Nicknamed “Ali”, Jo-Wilfried Tsonga’s resemblance to the boxing great goes beyond just looks and the shadow boxing celebration he often does after a wins. The affable world No.13 also has exceptional movement for a big man (188cm) and a powerful serve to go along with solid groundstrokes on both wings, tennis’ version of a floating butterfly and stinging bee.
The tennis world got its first good look at Tsonga at the 2008 Australian Open when, as an unseeded player, he defeated Rafael Nadal en route to the finals (l. to Djokovic). Since his breakthrough year, Tsonga has been a constant fixture on tour, earning a career-high ranking of five and made another five trips to semis at the majors, and he’s won at least one title every year except for 2010. His twelve career titles include two ATP Masters He most impressively beat three of the “Top 4” on his way to the 2014 Canadian title – Novak Djokovic in the third round, Andy Murray in the quarters, and Roger Federer in the final.
However, Tsonga’s full potential has been hampered by injuries throughout his career. “It’s never easy because you lost time,” he said. “You lost time to be a better player. All the other guys play and they improve a lot their game. You just hope. Then you have to come back at your level (and) other guys at this time are even better.”

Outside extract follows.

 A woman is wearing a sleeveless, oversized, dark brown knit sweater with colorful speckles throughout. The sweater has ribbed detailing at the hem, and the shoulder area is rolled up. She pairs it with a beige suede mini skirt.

This season hasn’t been much better with adductor and knee injuries causing him to retire from both the French and US Opens.
“I have had a lot of difficulties in my career, and you just can’t say every single time something goes wrong I’m not playing, because I would have almost never played or half seasons only,” he said. “I don’t know how many times I will play. But, you know, it’s part of my life, you know, to have happy days and to have, you know, bad days.”
Still, the entertaining Frenchman gives absolutely everything to every match, endearing himself to fans.
In tears at having to retire at the French Open, he said: “You play with your heart, so I have no filter. As I say, the emotions just flow out of me.”
When healthy, Tsonga has again shown flashes of brilliance this year, defeating Federer in Monte Carlo and twice coming back from two sets to love down at the French Open and Wimbledon.
In Shanghai he is looking to defend last year’s finals appearance and possibly experience more “happy days” in taking home his first title of 2016.